The ECCV workshop during which contestants presented their methods and winners received their awards was taking place on the very last day of the conference, and I remember it quite vividly. First, the results for the PASCAL challenge were presented: nothing too surprising there. Progressively the small, half-empty room starts to fill up. After a couple hours, when it's finally time to present the ImageNet results, the room is packed: all seats are occupied and there are people sitting on the floor or standing as far as the doorway.

Ass kicking time

Finally, it was time for the "neural network thing" presentation. Alex Krizhevsky gets on stage. So the whole room (and corridor) starts listening to this pale, thin, glass-wearing, extremely nerdy PhD student who speaks in very precise and factual terms. And this guy proceeds to blowing our minds and kicking our collective asses. This is what it looked like.

We need to clarify something: the ImageNet challenge is probably the most difficult computer vision task for which there exists a publicly available dataset: it's a massive dataset of 1.2 million training images divided in a thousand classes. If you want to participate, your classifier will have to be able to distinguish Australian Terrier from Yorkshire Terrier -- among other things.

Believe me, it's pretty fucking hard.

So this Alex guy is on stage and delivers his presentation. Quantitatively speaking, the results outperform the second best method by 40 percentage points.

Supervision performance

That's big. Huge, actually. Scientists witness such an improvement an average of once per lifetime. This sort of performance increase is not supposed to occur in mature research fields. And the visual results are stunning, too (look at the last slides).
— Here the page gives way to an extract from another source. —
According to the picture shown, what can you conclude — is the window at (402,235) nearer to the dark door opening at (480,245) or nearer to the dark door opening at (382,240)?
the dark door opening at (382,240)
Krizhevsky's and Hinton's approach is fully described in their now-famous NIPS 2012 paper.The science behind the proposed solution seems pretty straightforward, but the genius lies in the implementation of the deep neural network: in the presentation, Alex describes at great length his GPU implementation which is the actual breakthough behind the great results he obtained -- this and the sheer amount of labelled, training data made available in ImageNet. In other words, the labelled training data provided in previous public computer vision datasets were not large enough for deep neural networks that have a very large number of parameters. By the way, in his presentation Alex made it abundantly clear that, despite the size of ImageNet, his deep neural network was overfitting the data. I find this exhilarating.

"Where did I put this old neural networks book again?"

So Alex ends his presentation, the audience is stunned and there is some clapping. Many are thinking: "Have we worked all this time for nothing? Should we throw away most computer vision papers from the past decade?" It's time for the traditional question session. Pretty rapidly, the questions acquire an aggressive undertone:

How would your approach work on a more realistic, difficult dataset?

What do your results say about the quality of the ImageNet dataset?

The organisers of the ImageNet challenge are suddenly under a fire of criticisms from some very well respected figures of the computer vision community. The reasoning was that if such a simple method works when so many brilliant people have tried such complex ideas, then the dataset on which the experiment was conducted was flawed. As the manager of the ImageNet challenge, Li Fei Fei is taking most of the heat. Yann LeCun, a long-time proponent of neural networks is there too and most questions are now directed to him. I remember Li Fei Fei her asking him:

How is the method you just described conceptually different from your 1988 paper?

To which Yann answers:

It's exactly the same method!

I got really depressed by that.

Aftermath

Of course, we now know that the success of deep neural networks on the ImageNet was not an isolated, singular event. Two years later, deep convolutional neural networks (CNN) have outperformed more traditional methods in most computer vision problems. It's revolution. Yann LeCun and Geoffrey Hinton have been acqui-hired by Facebook and Google, respectively. And the ImageNet challenge is doing just fine, thank you.

I consider it a privilege to have attended this particular presentation; I could have learned about the science behind CNN just by reading papers, but what I had not foreseen was the incredible resistance that the computer vision community opposed to CNN, in the beginnings. Scientists are the makers of change, yet they could not accept the wave of change that was crashing on them. Hey, they are humans too, right? right?